In [1]:
from google.colab import drive
drive.mount('/content/drive')

Mounted at /content/drive


# Installing Library Required

In [2]:
!pip install pyprind # Progress visualization
!pip install nltk # For stemming

Collecting pyprind
  Downloading PyPrind-2.11.3-py2.py3-none-any.whl (8.4 kB)
Installing collected packages: pyprind
Successfully installed pyprind-2.11.3


# Import Required Library

In [3]:
import pyprind
import numpy as np
import pandas as pd
import sklearn
import os
import re
from nltk.stem.porter import PorterStemmer
import nltk
from nltk.corpus import stopwords

# Reading Data From Drive

In [None]:
pbar = pyprind.ProgBar(50000)
labels = {'pos':1, 'neg':0}
df = pd.DataFrame()
for s in {'test', 'train'}:
  for l in {'pos', 'neg'}:
    path = '//content/path here/aclImdb/%s/%s' % (s,l)
    for file in os.listdir(path):
      with open(os.path.join(path, file), 'r') as infile:
        txt = infile.read()
        df = df.append([[txt, labels[l]]], ignore_index = True)
        pbar.update()
df.columns = ['review', 'sentiment']

  df = df.append([[txt, labels[l]]], ignore_index = True)
0% [##############################] 100% | ETA: 00:00:00
Total time elapsed: 00:01:21


## Shuffle Data For Better Learning

In [None]:
np.random.seed(0)
df = df.reindex(np.random.permutation(df.index))
df.to_csv('/content/drive/MyDrive/Data/Sentiment/movie_data.csv')

In [6]:
df = pd.read_csv('/content/drive/MyDrive/Data/movie_data.csv')
df.head(3)

Unnamed: 0.1,Unnamed: 0,review,sentiment
0,11841,Imagine the worst skits from Saturday Night Li...,0
1,19602,When you typically watch a short film your alw...,1
2,45519,I had always wanted to see this film and the f...,1


# Preprocessing Of Data
-> Remove HTML TAGS

-> Keeping Emoticons

In [7]:
# Preprocessing -> Removing unnecessary text(Not useful) in documnet. example markup tags.
def preprocessor(text):
  text = re.sub('<[^>]*>', '', text)
  emoticons = re.findall('(?::|;|=)(?:-)?(?:\)|\(|D|P)', text)
  text =(re.sub('[\W]+', ' ', text.lower()) + ' '.join(emoticons).replace('-', ''))
  return text

In [8]:
# Checking
preprocessor(df.loc[0, 'review'][-50:])

' directed anything else and it s not surprise why '

In [9]:
#Applying preprcossor to all reviews
df['review'] = df['review'].apply(preprocessor)

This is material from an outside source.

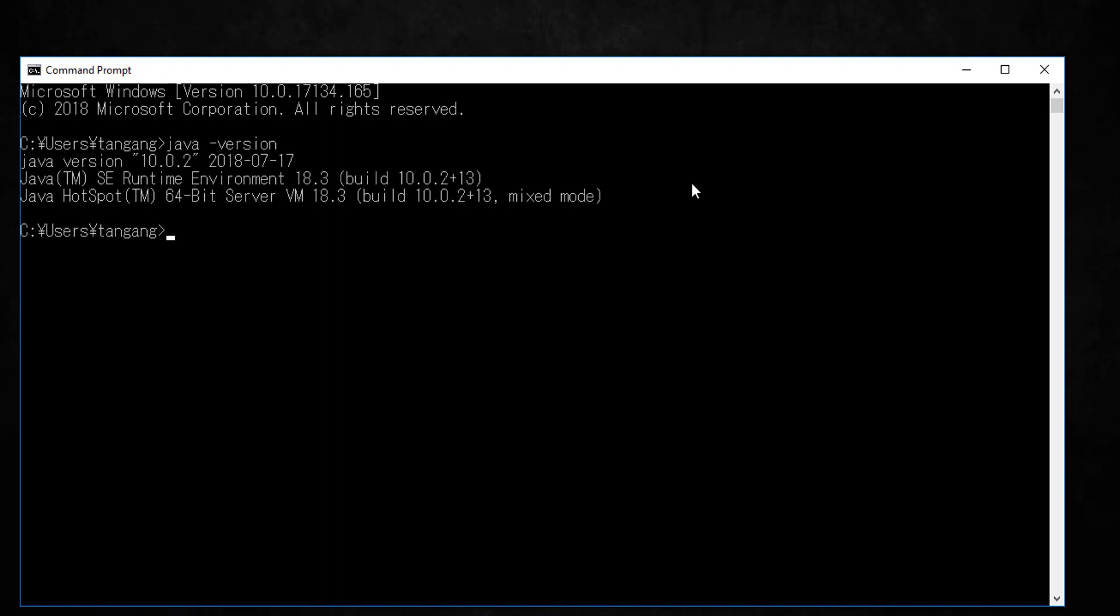Next, what we're going to do is you want to type in java -version. Alright, and it should give us the Java version 10.0.2. And also you want to type in javac for Java compiler -version and it should give us the same thing. Alright?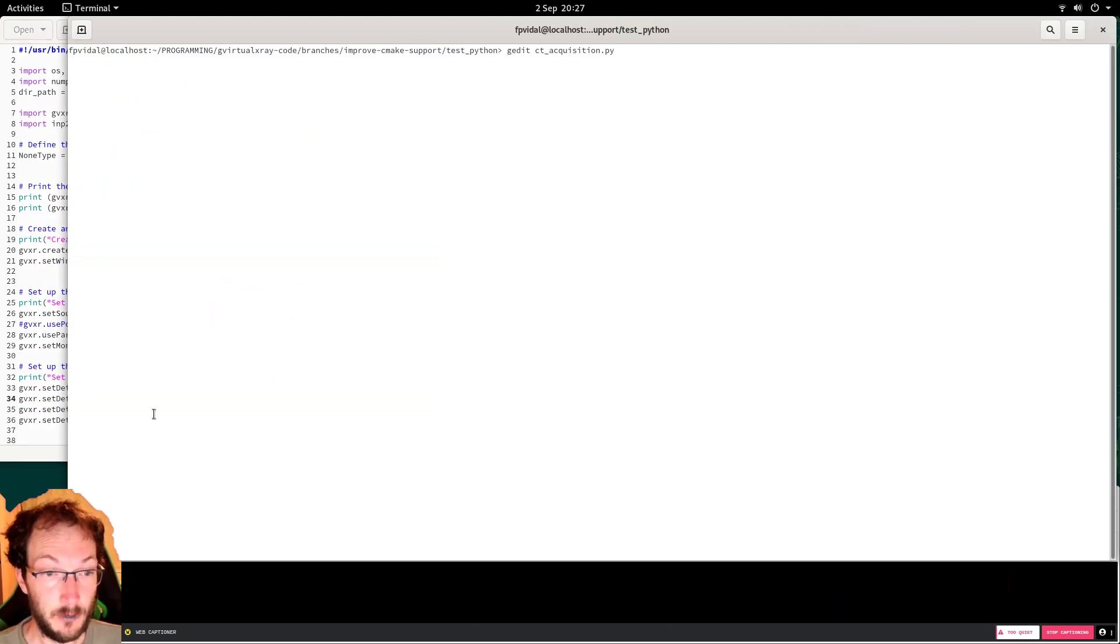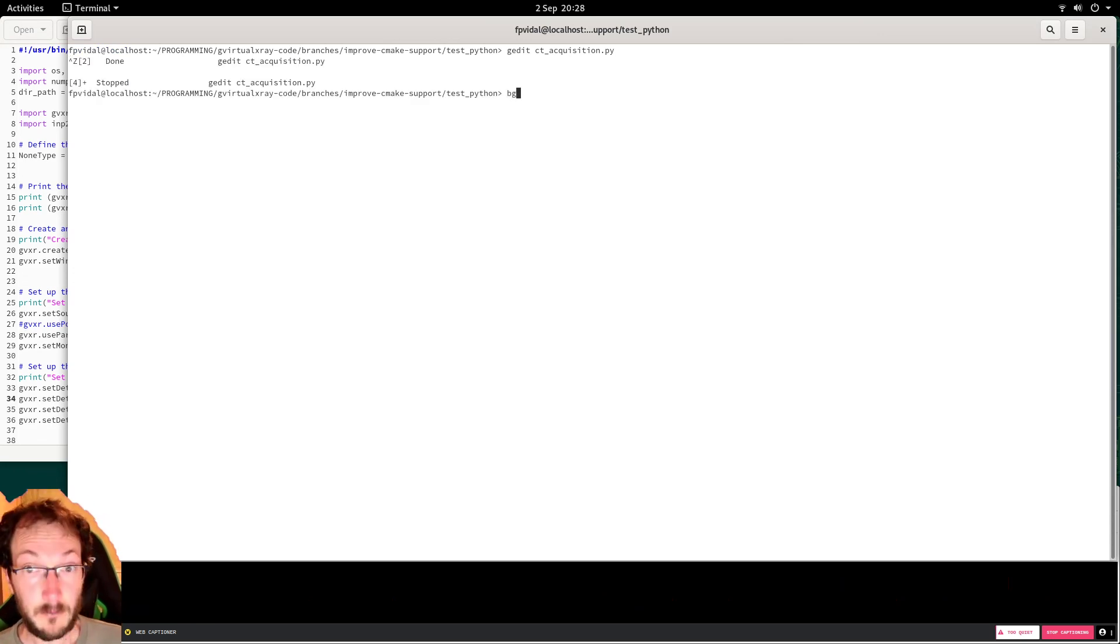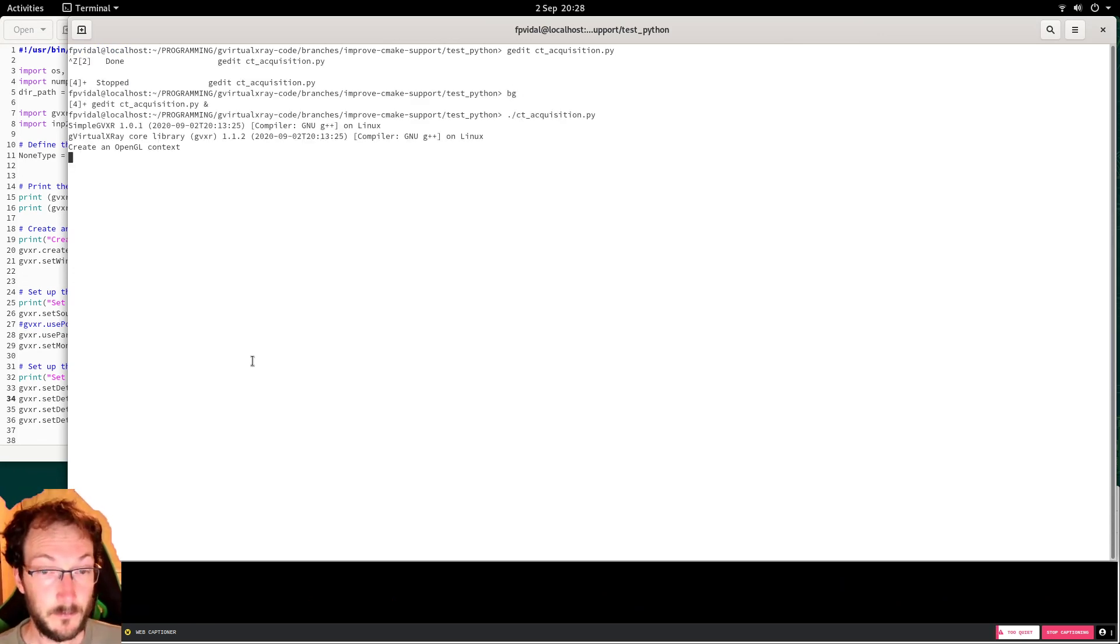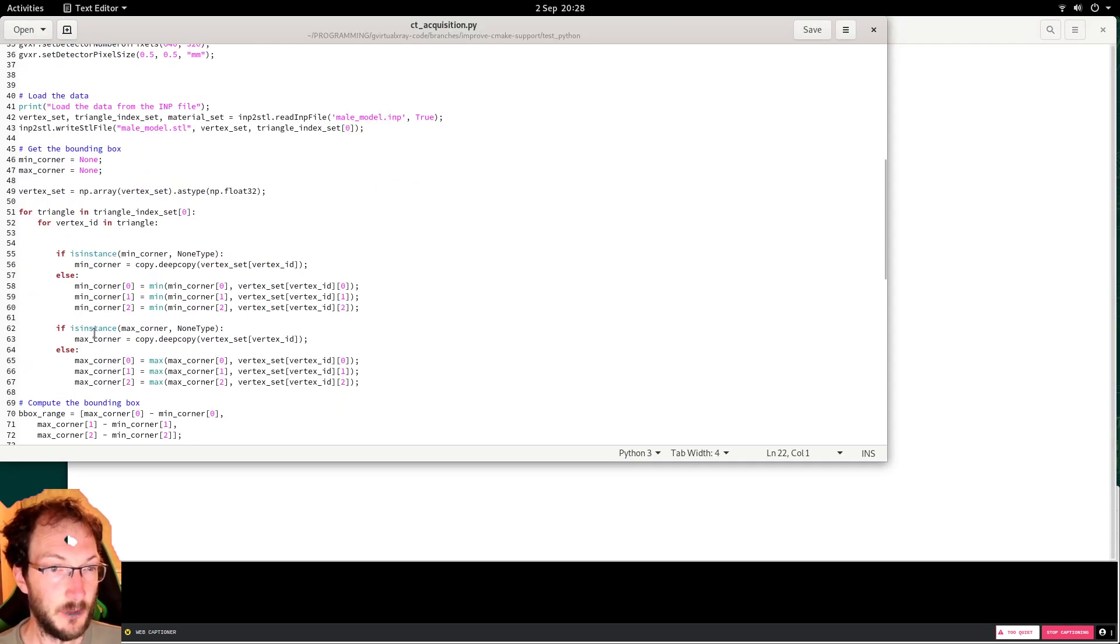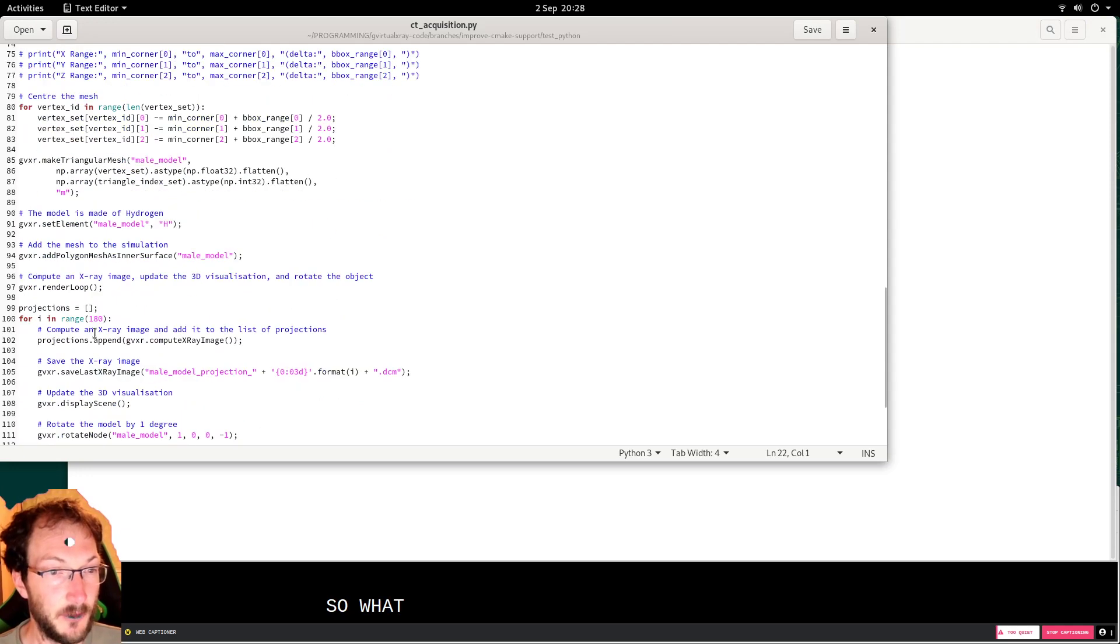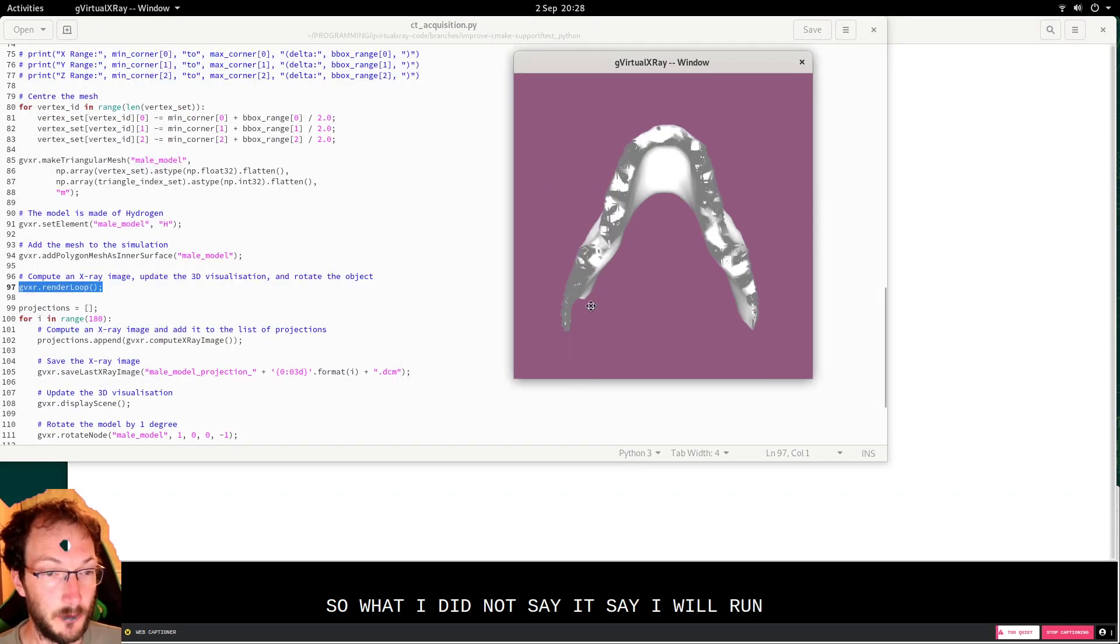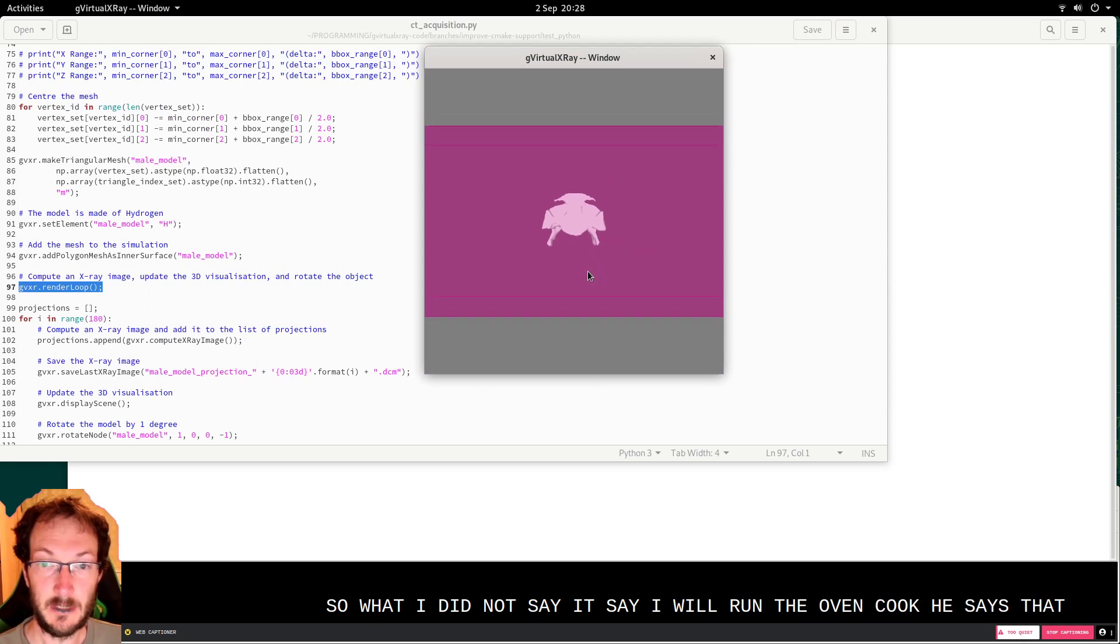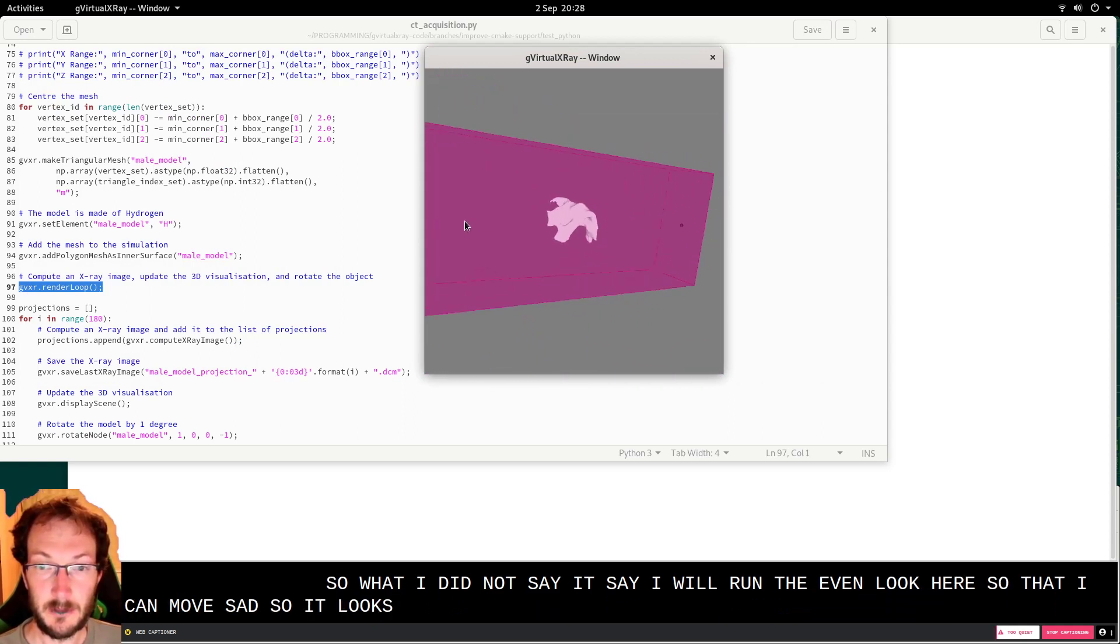So if you run that... simulating the data. So what I did not say is that I will run the event loop here so that I can move that, so it looks nice.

# Tokenize Words in the Reviews

In [10]:
# tokenizer
def tokenizer(text):
  return text.split()

## Function for Stemming Words.
Stemming is to change the words to its root Form.

In [11]:
#Stemming word in text
porter = PorterStemmer()
def tokenizer_porter(text):
  return [porter.stem(word) for word in text.split()]

In [12]:
# checking tokenizer
tokenizer_porter("runners likes running and thus they run")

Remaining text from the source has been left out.